2012-08-23

Using MySQL SET to squeeze out material reservations from SAP with RFC_READ_TABLE.

The RESB table in SAP contains order dependent requirements of materials. The key is the reservation number (RSNUM). Over time this table will be very large and do a full table scan for active reservations is not a very good idea. The reservation number is incremented for each new reservation, so if you like to fetch reservations done after reservation 10, you only need to fetch reservations >10.  When a reservation is ‘allocated’ it will never go active again, so if you are looking for active reservation you can safely start from the earliest active reservation.  
I used these facts to set up a performant  extraction routine. We have a MySQL table containing RESB active reservations.
0021006667 is the lowest active reservation so I do not need to inspect lower RSNUM, this is a good start since I can bypass +21 million rows. But still I have more than 2 million (23053466 – 21006667) RSNUM to look at. I do not want to inspect these +2 million rows in one go, I want to chop this up in smaller intervals and process them in parallel. For this I created My SQL statements that extracts min and max RSNUM from the MySQL RESB table and chop this interval into smaller chunks.  And subsequently run all these intervals in parallel against SAP with RFC_READ TABLE, scanning for active reservations and reload the MySQL table with the results.
The first job above ‘getHiLow’ retrieves min and max RSNUM and calculates how many intervals is needed to cover the SAP RESB table from low RSNUM.  The second job ‘createDriver’ creates a result table with low and high RSNUM for each interval. Note! the MySQL limit option  in the last select which stops the cross join from go into an infinite loop. ( These SQL statements are somewhat complex and could be more elegantly expressed in a stored procedure.  But when I created these jobs I did not really understood the problem or  how to solve it. So I started to fiddle around with MySQL SET until I had something that worked well together with RFC_READ_TABLE, and this is the result. )    
The next task is to feed these intervals into RFC_READ_TABLE .                     
The job ‘loadRESB’ takes the result table (driver0) from the createDriver job, run each interval in parallel, extracts requested demands and inserts the result rows into the MySQL RESB table. If you look at the selection (the OPTION array) you see what I mean by active  reservations. ( The only appropriate index I have for this query  is RSNUM. If I had a suitable index this hole exercise would be unnecessary. )
The job takes about 50 minutes to run,(which is too much). If we look at the log we see execution 58869 ended with a bad (0,zero, boolean false) result. This was due to a timeout condition for one of the intervals. (Tasks in SAP have an execution time-limit.) To make this job go faster we can shrink the intervals, run more in parallel and/or analyze the problem and solve it.
Anyway 50 minutes is too long, something should be done to make this go faster. If you have a more performant way to extract these material requirements  please drop me a mail or add a comment.
UPDATE - A closer inspection of the log revealed the typical duration is below nine minutes, which is good enough. These extreme execution times probably shows database locking problems.
The jobs above are executed by my PHP job scheduler  .

2012-08-20

PHP, MySQL, Iterators, Jobs ,Templates and Relation sets.

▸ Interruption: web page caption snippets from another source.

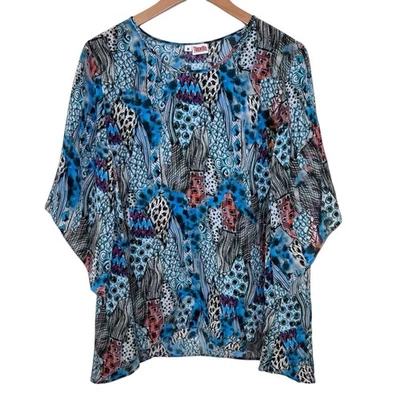Blusa de seda feminina Tianello tamanho M bainha assimétrica boho artística estampa abstrata - Imagem 1 de 4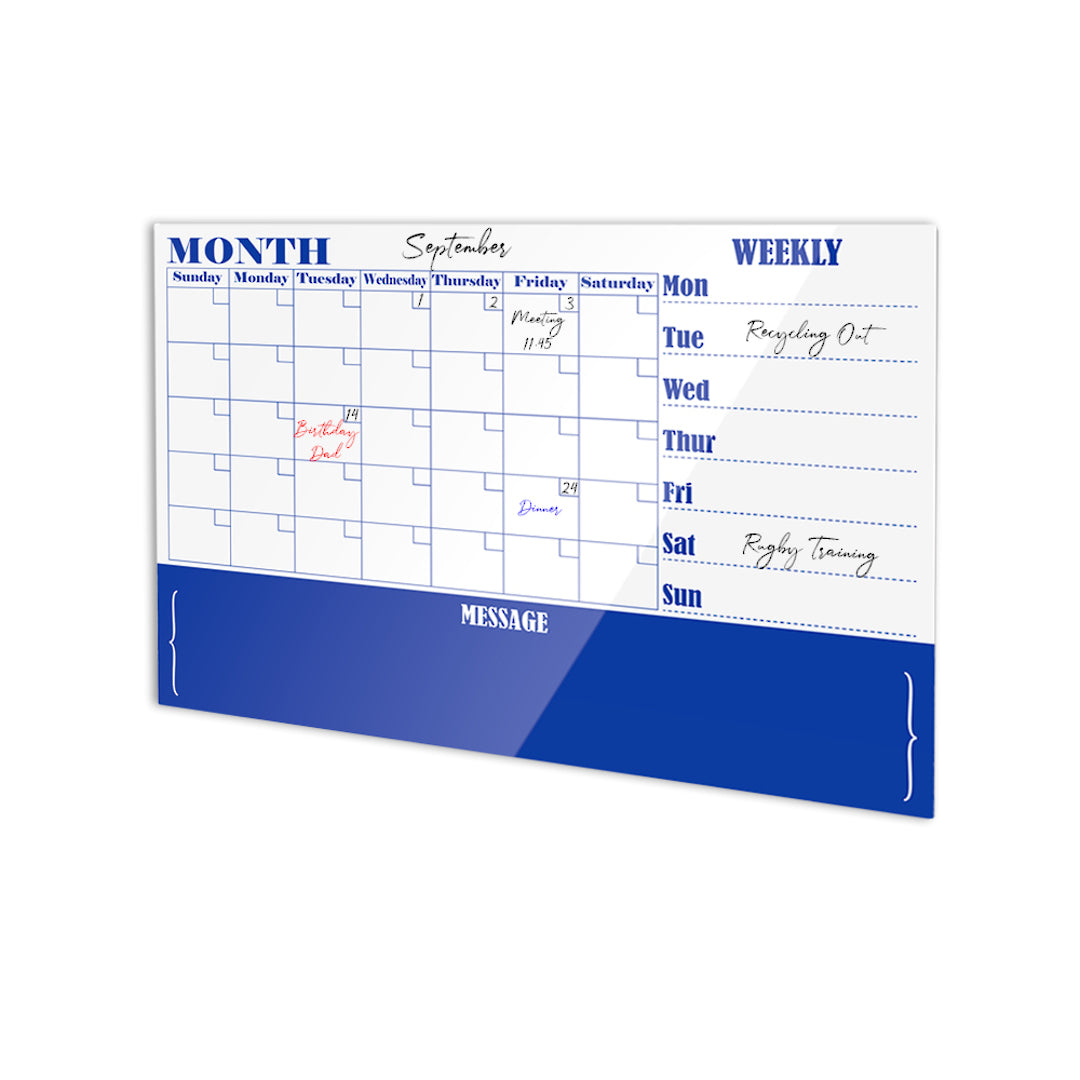 MONTHLY PLANNER | Magnetic Glassboard | 1200 x 900mm - Cafe Supply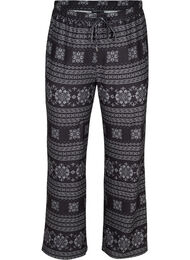 Pyjama broek met patroon en trekkoorden, Black AOP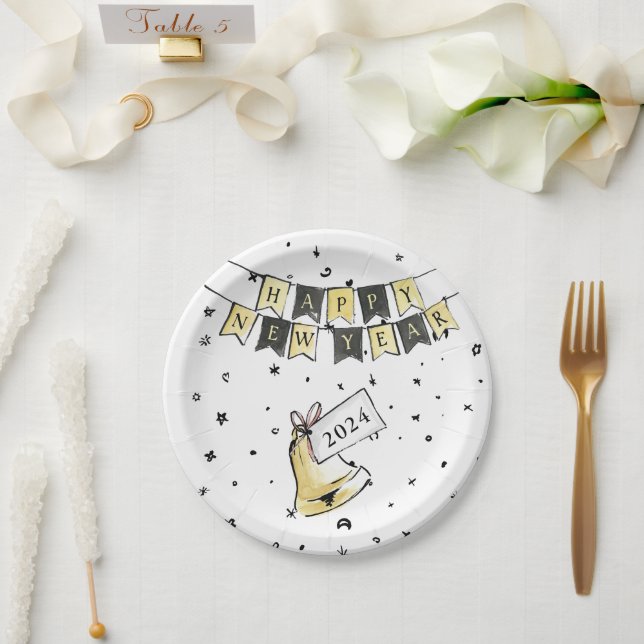 Modern Elegant Happy New Year Black Gold Party Paper Plate (Wedding)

There are some simple integer ranges or sets that are important in programming; especially when databases are involved:
  1. Zero
  2. Zero or more
  3. One or Zero
  4. One
  5. One or more
Before you start code you should establish relations between entities. E.g. in an web trade system you should define the relations between Products and Sales orders. Normally a customer must add at least one Product to a Sales order, a Sales order contains one or more  products. A product on the other hand may or may not have Sales orders, a product can appear on zero or more  Sales orders. We can describe the relation between products and Sales orders with two of my aforementioned sets. Of course there are more in this relation than our two  ‘relation-sets’, but it is a very good start and it is essential to sort out these set relations before you start modeling your database and logic in your system.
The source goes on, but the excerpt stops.